Waarom is dat geen argument?
“Talent heeft niets te maken met beloning. Als men echt getalenteerd is, koppelt men zijn beloning niet aan geld. Zo iemand als Anders Moberg die geen enkel risico zelf wil lopen. Als je zo’n hoge beloning krijgt, moet je dat ook waar durven maken. Ik vind dat je geen blijk van talent geeft als je dat risico niet durft te nemen en je beloning niet koppelt aan je prestaties.”


Ontbreekt het Nederlandse bestuurders aan dapperheid?
“Ja. Dat vind ik absoluut. Ik vind in het algemeen dat er in Nederland een enorm gebrek is aan dapperheid en moed. Vooral als het gaat om bekende mensen. Er is vast wel kleine moed van kleine mensen, maar ik heb nog geen grote moed van grote mensen gezien.”


Wat zou dan een voorbeeld van grote moed zijn?
“Ik zou het dapper vinden als topbestuurders een deel van hun beloning beschikbaar zouden stellen aan iets waarmee je laat zien dat je visie hebt op wat er in de wereld gebeurt. Tien belastingadviseurs aanstellen om vervolgens te zorgen dat je over die enorme bedragen geen belasting betaalt vind ik dus niet getuigen van moed of visie. En dat is wel wat er gebeurt. Je ziet dat die mensen met enorme salarissen ook nog eens geen belasting betalen in Nederland. Ik vind dat schande. Ik hoorde bijvoorbeeld ook van Roel Pieper dat hij in de regering had willen zitten als het een andere samenstelling had gehad.”


Dat is achteraf makkelijk praten?
“Ja. Ik had het heel dapper gevonden als hij dat ook daadwerkelijk had gedaan. Juist when the shit hits the van. Misschien is Aad Veenman daarom een erg dappere man. Daar denken anderen misschien anders over, maar wellicht is het erg dapper om directeur van de NS te worden en strenge maatregelen te nemen. De NS is een lastig bedrijf om te leiden.”

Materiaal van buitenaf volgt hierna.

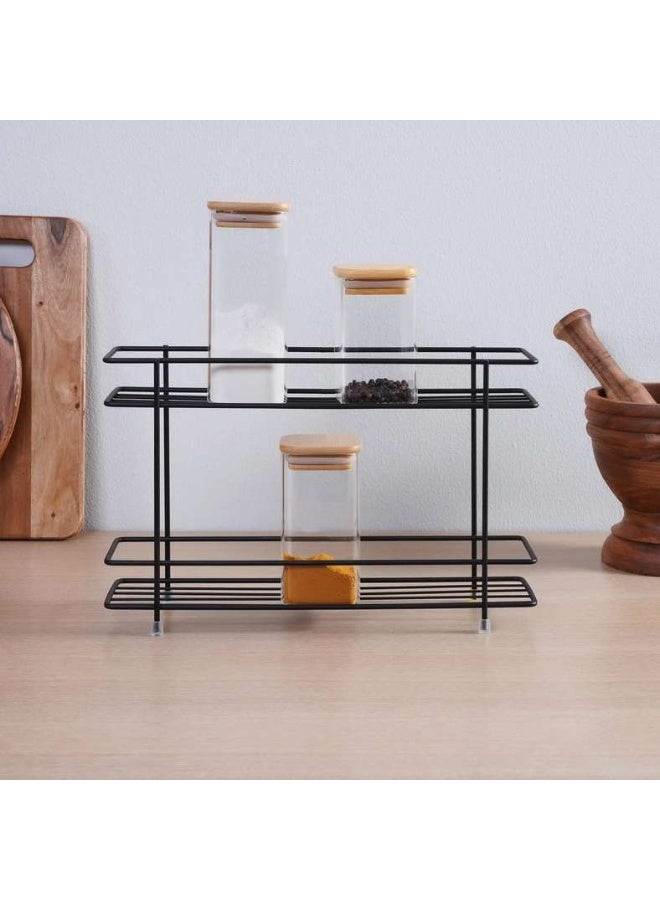 Pan Home رف توابل بطبقتين من إسينشيالز 33x8x22 سم - أسود - Image 1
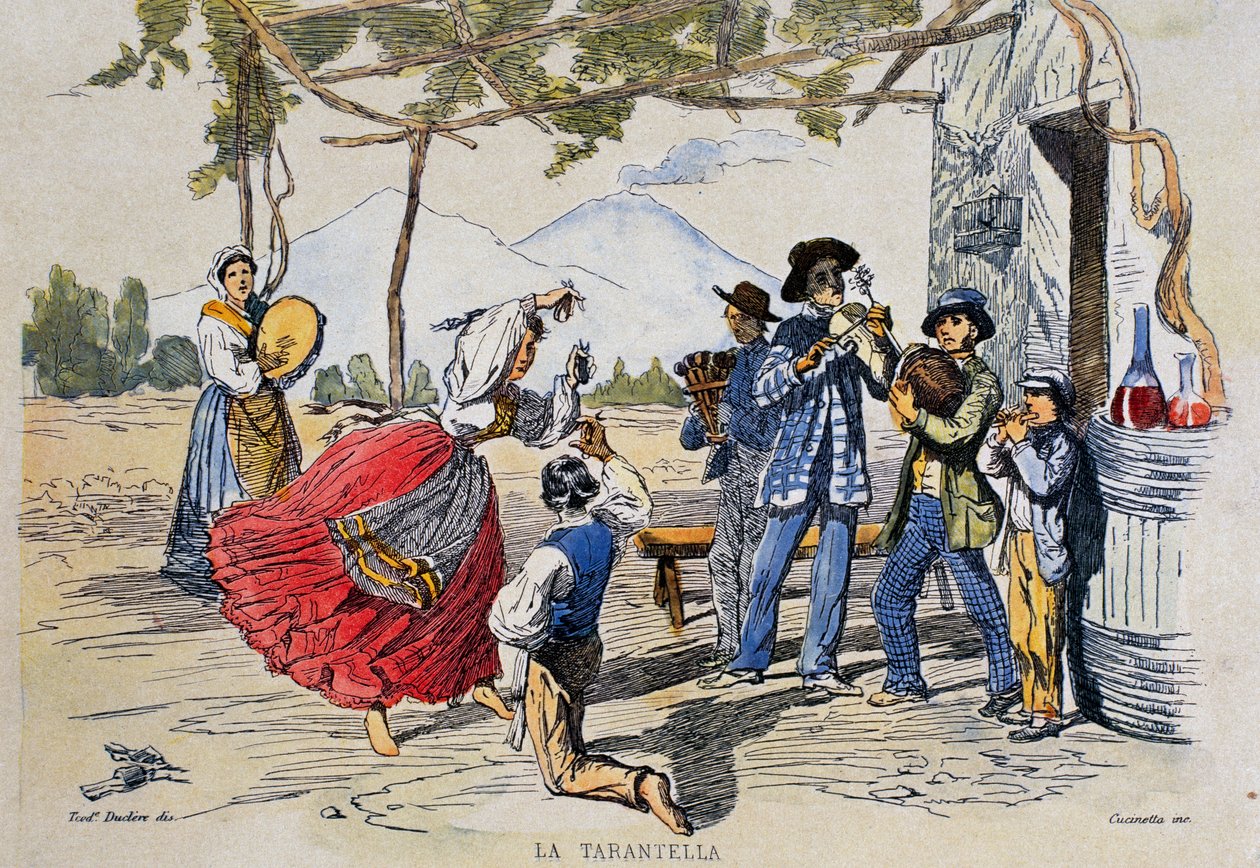 Napolilainen tarantella, kaiverrus Teodoro Ducleren (1814-1869), Italiasta tekijältä Teodoro Duclere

Wie zou u dolgraag nog een keer willen coachen?
“Job Cohen, de burgemeester van Amsterdam zou ik graag onder handen willen nemen. Hij komt niet helemaal uit de verf. Hij heeft nog geen uitstraling zoals zijn voorgangers. Amsterdammers kunnen ontzettend houden van hun burgemeester.”


Hoe zou hij dan een geliefd bestuurder kunnen worden?
“Hij zou zich minder koel en afstandelijk moeten opstellen. Ik denk dat het zou kunnen.”


Een andere communicatiestrategie dus. Is dat het belangrijkste dat u managers leert?
“Dat is zeker een onderdeel. Maar niet het enige. Waar ik ze ook in coach is met zichzelf omgaan en met hun mensen.”


Met welke problemen komen managers naar u toe?
“Dat is erg verschillend. Vaak komt een coachingvraag voort uit ambitie, uit een volgende stap in de carrière. Er is meestal iets van verandering gaande.”


Waar worstelen managers vooral mee?
“Zingeving en het omgaan met de eigen emoties. Het integreren van hun werk in hun gezin en omgekeerd. Wat je veel ziet is dat managers zich te veel hebben aangepast aan de cultuur van de organisatie. Dat is een talent waarop je wordt bevordert en een teken van emotionele intelligentie. Maar soms gaat dat ten koste van iemands zelf. Dan zie je dat mensen schizofreen geworden zijn. Het komt voor dat mensen bij me komen met hyperventilatieklachten. De persoonlijke ik wordt te veel verwaarloosd. Wat ik probeer te doen is de twee ikken bij elkaar te brengen.”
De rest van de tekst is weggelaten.